How to complete this task: Apart from the pictures, everything in the lines below must be printed exactly.

Available data:
================================
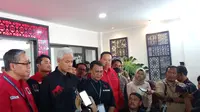 Calon Presiden Ganjar Pranowo di Sekolah Partai PDIP, Lenteng Agung, Jakarta Selatan, Sabtu (28/10/2023). (Merdeka.com)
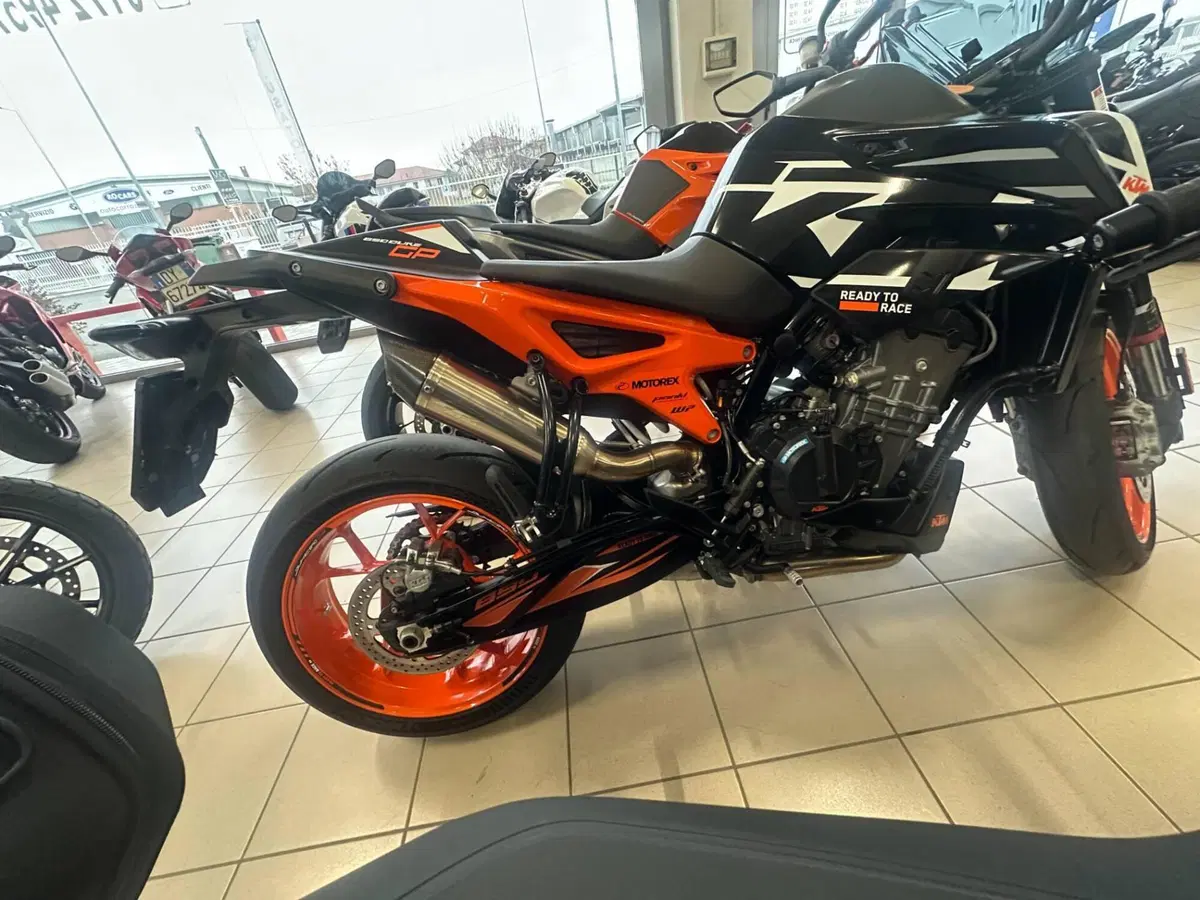 KTM 890 Duke GP (2022 - 23) (4)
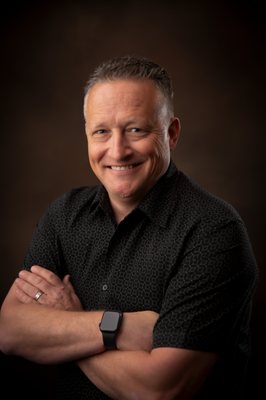 Dan Elliott's Roofing Company Logo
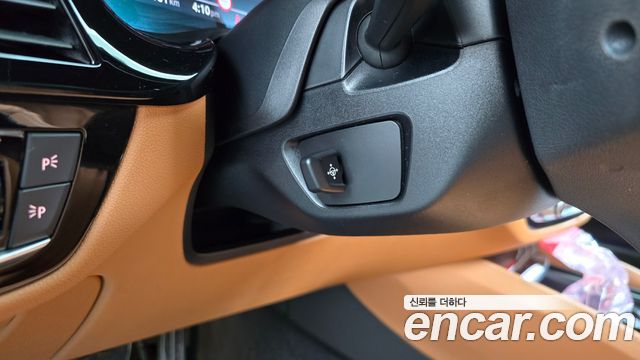 BMW 5-Series 2021 — photo 26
================================
Response box:
 Calon Presiden Ganjar Pranowo di Sekolah Partai PDIP, Lenteng Agung, Jakarta Selatan, Sabtu (28/10/2023). (Merdeka.com)
 KTM 890 Duke GP (2022 - 23) (4)
 Dan Elliott's Roofing Company Logo
 BMW 5-Series 2021 — photo 26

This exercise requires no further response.